BEGIN
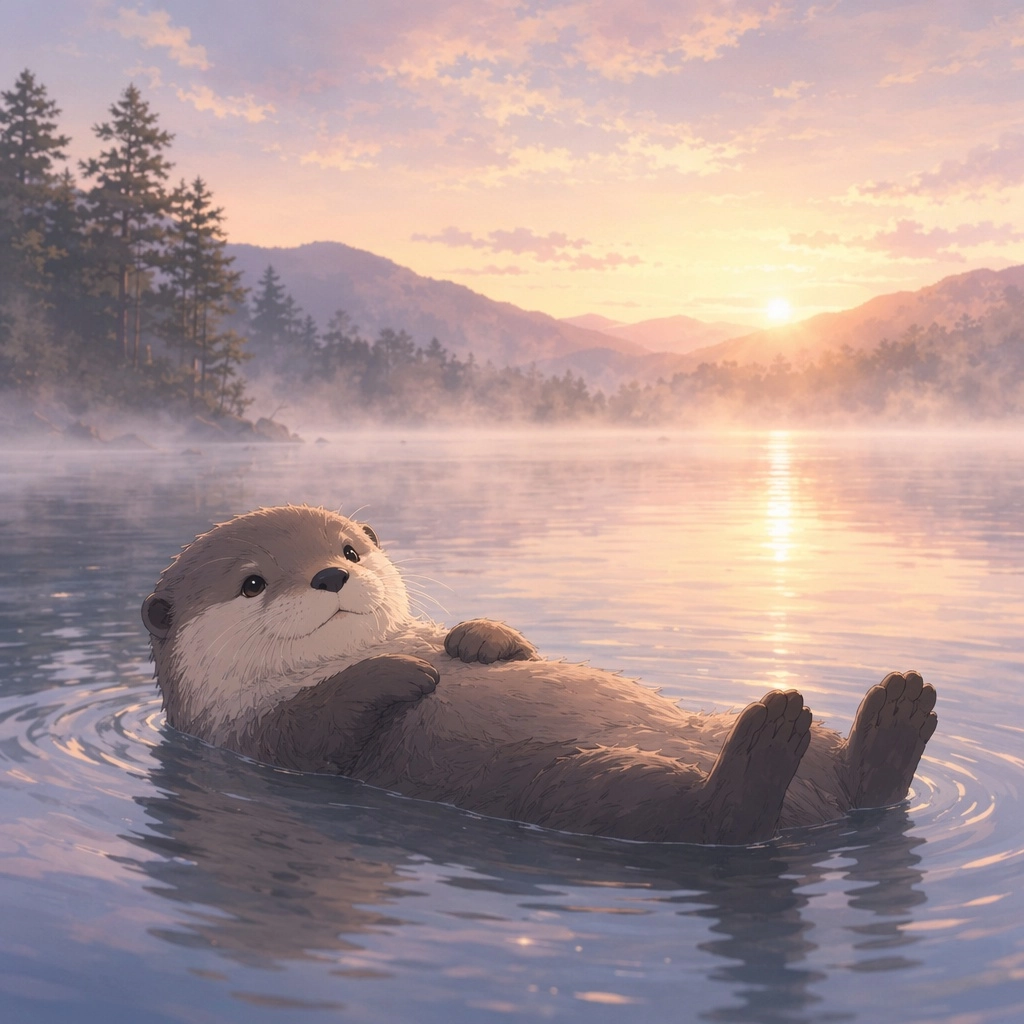 Otter on a misty lake at sunrise floating on its back. soft cute anime atmospheric style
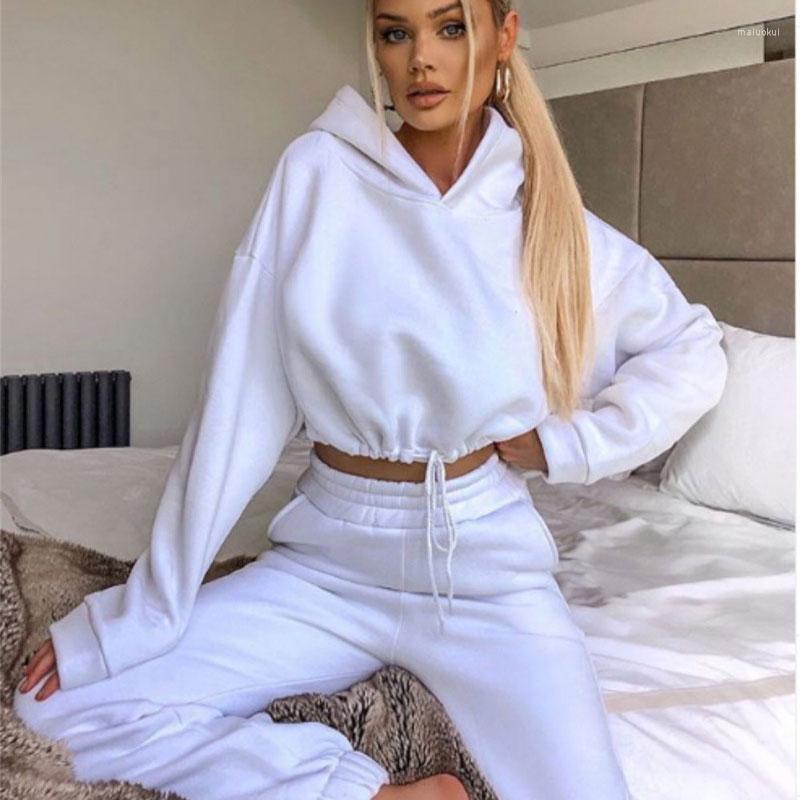 

Women' Tracksuits 2022 Sport Casual Pants And Crop Top Two Piece Set Women Outfit Spring Female Sweatshirt Jumper Sweatpants Suit Tracksuit, Black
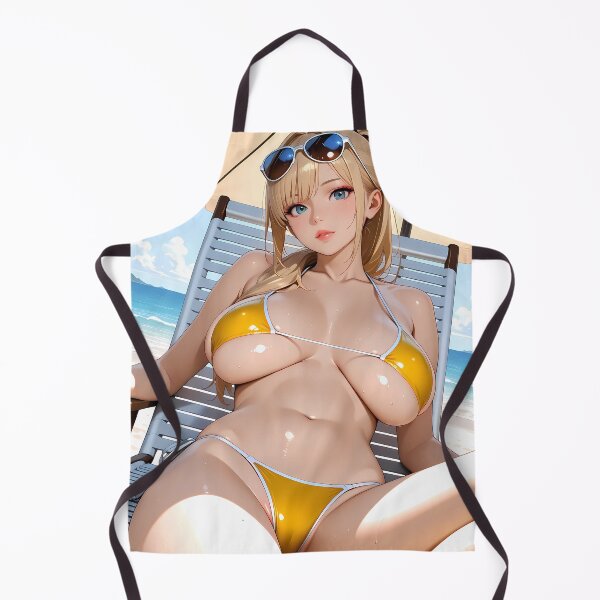 Item preview, Yellow bikini anime girl relaxing on beach chair designed and sold by BorgSpareParts.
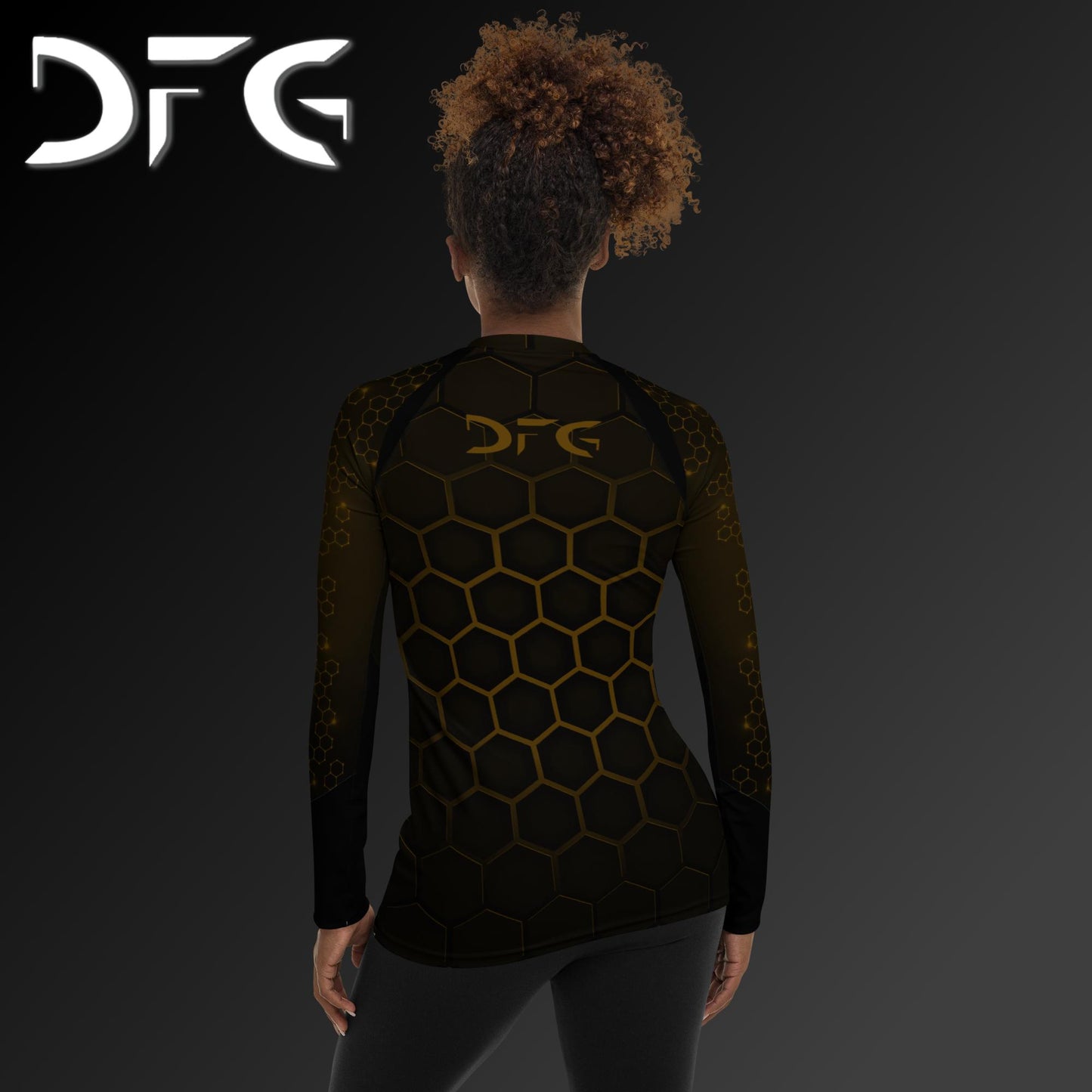 Feminine-Fit Brown Hex Long-Sleeved Rash Guard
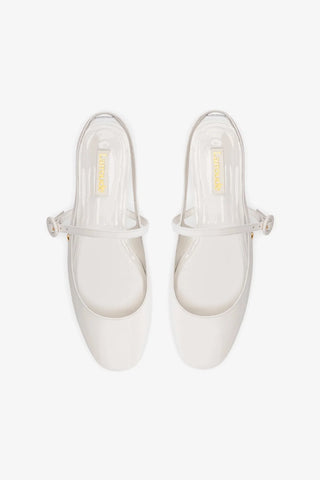 Georgina Ballet Flat In White Patent Leather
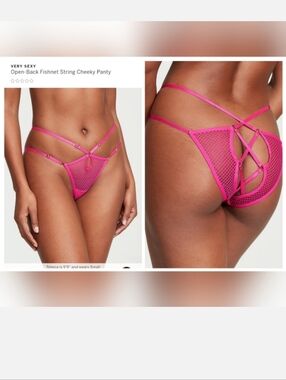 Victoria's secret very sexy fishnet string cheeky panty LARGE PINK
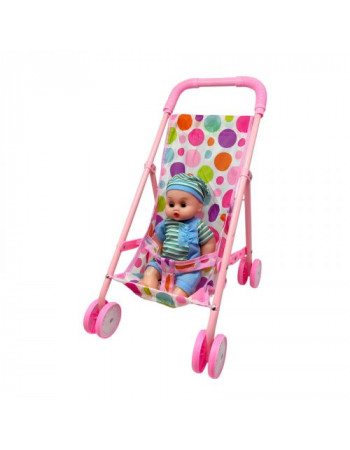 Коляска з пупсом та аксесуарами (РОЖЕВА В ГОРОШОК)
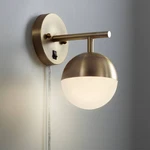 Luna Modern Wall Lamp Brass Plug-in 5 1/2" Fixture Frosted Glass For Bedroom. Fixed Price $79.95.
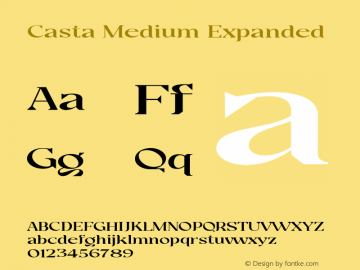 Casta-MediumExpanded Version 1.000 Font Sample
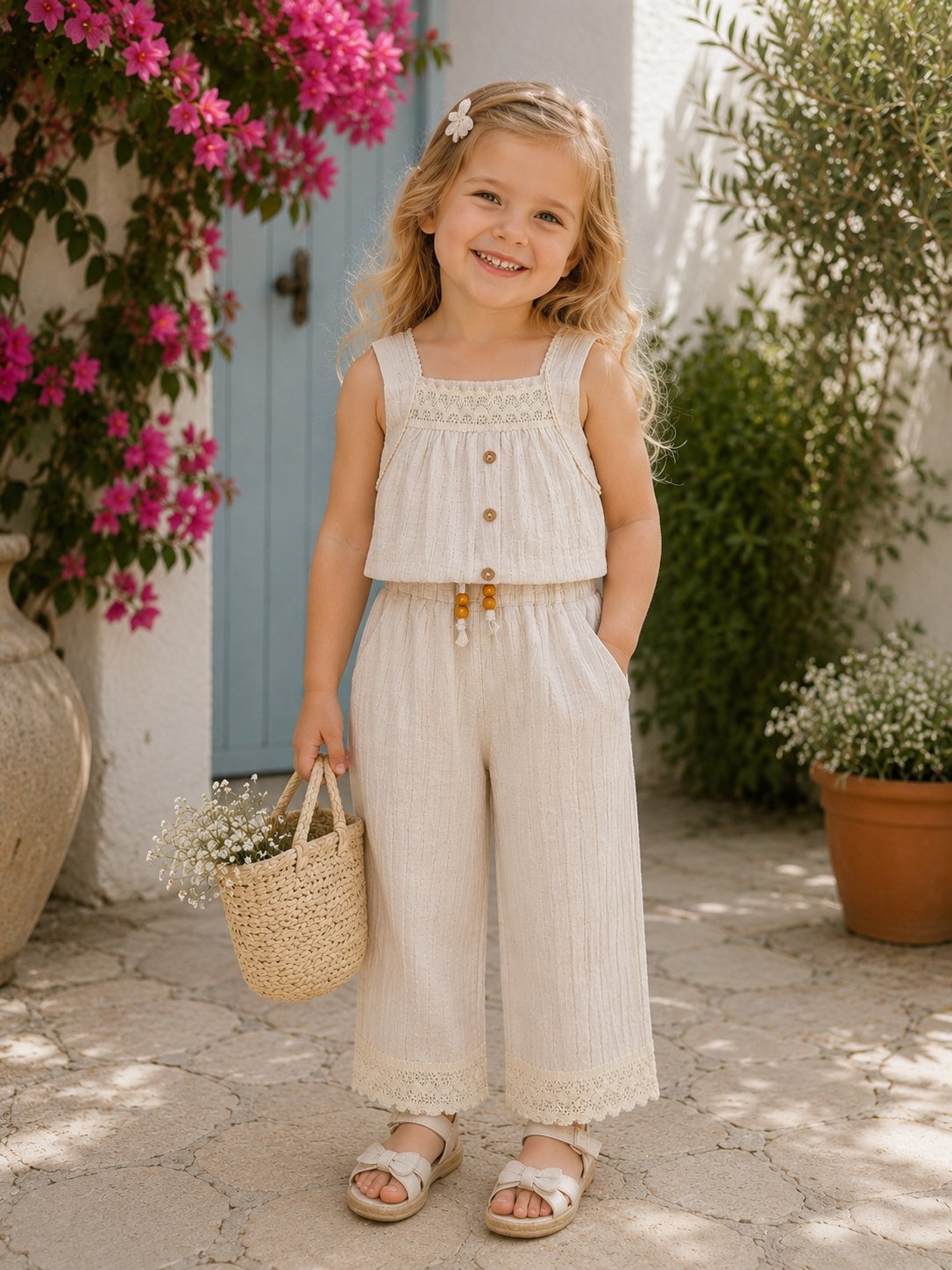 Dantel Detaylı Keten Pantolon Takım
END
ACTION ITEM: Only the lines from the one containing "Item preview, Yellow" through the final line of the material should appear in the answer, copied exactly and without any picture.

RESPONSE:
 Item preview, Yellow bikini anime girl relaxing on beach chair designed and sold by BorgSpareParts.
 Feminine-Fit Brown Hex Long-Sleeved Rash Guard
 Georgina Ballet Flat In White Patent Leather
 Victoria's secret very sexy fishnet string cheeky panty LARGE PINK
 Коляска з пупсом та аксесуарами (РОЖЕВА В ГОРОШОК)
 Luna Modern Wall Lamp Brass Plug-in 5 1/2" Fixture Frosted Glass For Bedroom. Fixed Price $79.95.
 Casta-MediumExpanded Version 1.000 Font Sample
 Dantel Detaylı Keten Pantolon Takım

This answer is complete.